*** RECORDS PROVIDED Section Begins ***
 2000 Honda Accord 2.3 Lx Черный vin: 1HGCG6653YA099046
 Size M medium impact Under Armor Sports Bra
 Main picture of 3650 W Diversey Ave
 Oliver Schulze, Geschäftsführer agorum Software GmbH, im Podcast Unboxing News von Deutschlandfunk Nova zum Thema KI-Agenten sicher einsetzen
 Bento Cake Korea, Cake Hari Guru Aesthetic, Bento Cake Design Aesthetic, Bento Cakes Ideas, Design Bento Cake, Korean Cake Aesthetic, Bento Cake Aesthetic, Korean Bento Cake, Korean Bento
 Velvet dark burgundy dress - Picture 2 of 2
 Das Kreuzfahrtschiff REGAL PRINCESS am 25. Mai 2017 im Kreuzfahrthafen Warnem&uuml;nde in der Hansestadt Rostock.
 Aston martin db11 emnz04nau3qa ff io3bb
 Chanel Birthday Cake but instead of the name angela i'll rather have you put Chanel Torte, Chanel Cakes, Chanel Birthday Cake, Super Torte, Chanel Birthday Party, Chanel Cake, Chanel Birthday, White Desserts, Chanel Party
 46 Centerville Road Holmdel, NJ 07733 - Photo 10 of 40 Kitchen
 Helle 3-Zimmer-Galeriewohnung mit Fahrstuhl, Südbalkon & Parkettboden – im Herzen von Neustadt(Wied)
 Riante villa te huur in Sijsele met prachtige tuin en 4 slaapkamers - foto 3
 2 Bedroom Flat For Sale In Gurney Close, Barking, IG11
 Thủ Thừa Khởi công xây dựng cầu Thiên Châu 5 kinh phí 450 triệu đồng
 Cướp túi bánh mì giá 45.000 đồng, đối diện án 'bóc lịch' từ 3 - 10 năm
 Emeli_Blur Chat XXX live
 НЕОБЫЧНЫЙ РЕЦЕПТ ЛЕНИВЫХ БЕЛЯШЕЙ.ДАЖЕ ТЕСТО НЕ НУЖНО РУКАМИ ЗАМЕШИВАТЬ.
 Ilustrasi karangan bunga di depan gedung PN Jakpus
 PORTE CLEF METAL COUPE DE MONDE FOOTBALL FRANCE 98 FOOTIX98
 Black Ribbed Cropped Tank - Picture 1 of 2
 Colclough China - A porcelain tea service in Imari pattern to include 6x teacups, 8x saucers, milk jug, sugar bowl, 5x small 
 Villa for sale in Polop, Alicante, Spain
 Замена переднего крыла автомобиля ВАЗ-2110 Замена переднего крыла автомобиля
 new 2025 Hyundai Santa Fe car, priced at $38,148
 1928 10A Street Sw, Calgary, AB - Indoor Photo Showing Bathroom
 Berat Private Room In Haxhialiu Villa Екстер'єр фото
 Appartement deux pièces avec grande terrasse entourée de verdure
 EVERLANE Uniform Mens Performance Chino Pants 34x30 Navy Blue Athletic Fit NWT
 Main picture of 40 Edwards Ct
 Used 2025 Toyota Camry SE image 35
*** RECORDS PROVIDED Section Ends ***
→ **EXERCISE OBJECTIVE**
Every line from the top of the material above through the line holding "Bento Cake Korea, Cake" should be reproduced word for word, and nothing beyond it.

→ **RESPONSE TO THIS EXERCISE**
 2000 Honda Accord 2.3 Lx Черный vin: 1HGCG6653YA099046
 Size M medium impact Under Armor Sports Bra
 Main picture of 3650 W Diversey Ave
 Oliver Schulze, Geschäftsführer agorum Software GmbH, im Podcast Unboxing News von Deutschlandfunk Nova zum Thema KI-Agenten sicher einsetzen
 Bento Cake Korea, Cake Hari Guru Aesthetic, Bento Cake Design Aesthetic, Bento Cakes Ideas, Design Bento Cake, Korean Cake Aesthetic, Bento Cake Aesthetic, Korean Bento Cake, Korean Bento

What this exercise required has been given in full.